Exercise: Return all of the entries exactly, but do not include the pictures.

Study material:
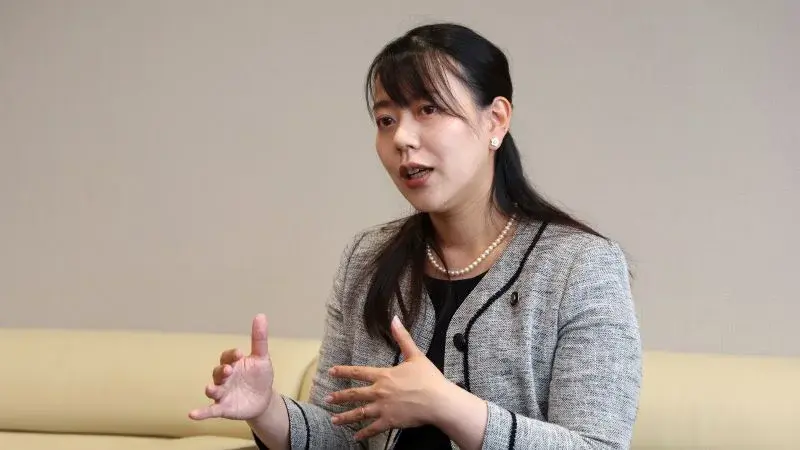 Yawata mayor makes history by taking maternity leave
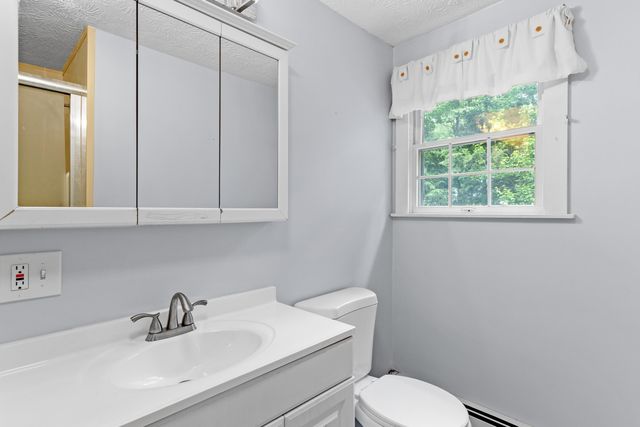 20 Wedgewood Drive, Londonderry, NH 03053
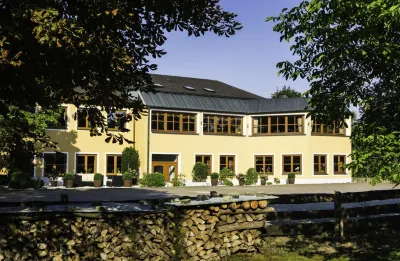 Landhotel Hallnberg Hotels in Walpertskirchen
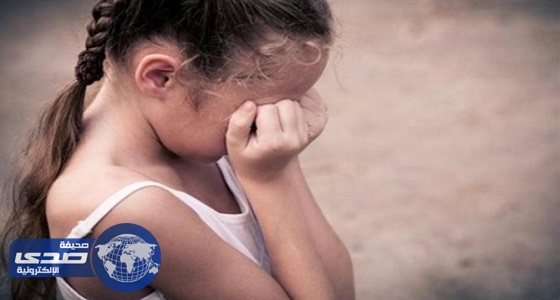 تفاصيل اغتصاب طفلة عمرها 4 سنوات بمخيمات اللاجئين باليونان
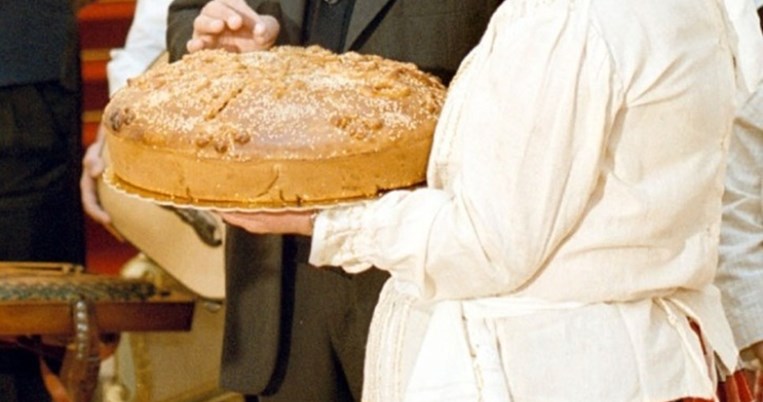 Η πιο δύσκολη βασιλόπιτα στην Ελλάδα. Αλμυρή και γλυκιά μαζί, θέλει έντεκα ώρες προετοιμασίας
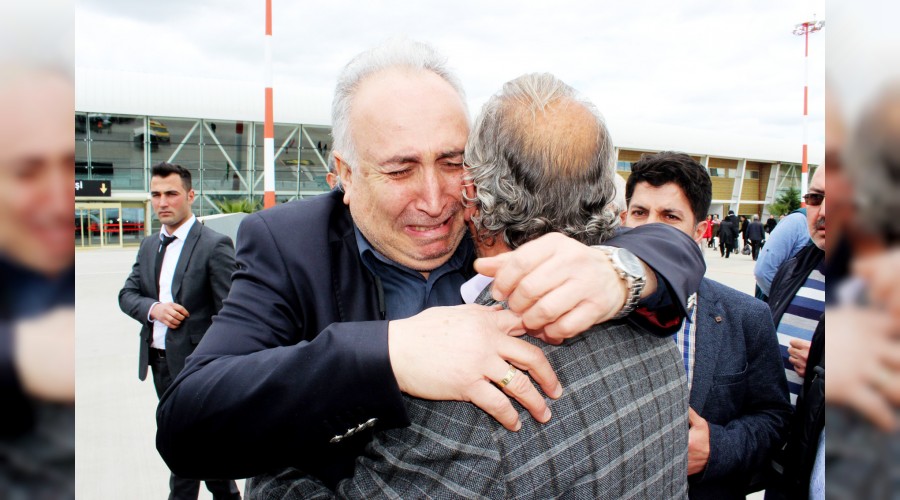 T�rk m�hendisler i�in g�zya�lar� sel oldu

Your solution:
 Yawata mayor makes history by taking maternity leave
 20 Wedgewood Drive, Londonderry, NH 03053
 Landhotel Hallnberg Hotels in Walpertskirchen
 تفاصيل اغتصاب طفلة عمرها 4 سنوات بمخيمات اللاجئين باليونان
 Η πιο δύσκολη βασιλόπιτα στην Ελλάδα. Αλμυρή και γλυκιά μαζί, θέλει έντεκα ώρες προετοιμασίας
 T�rk m�hendisler i�in g�zya�lar� sel oldu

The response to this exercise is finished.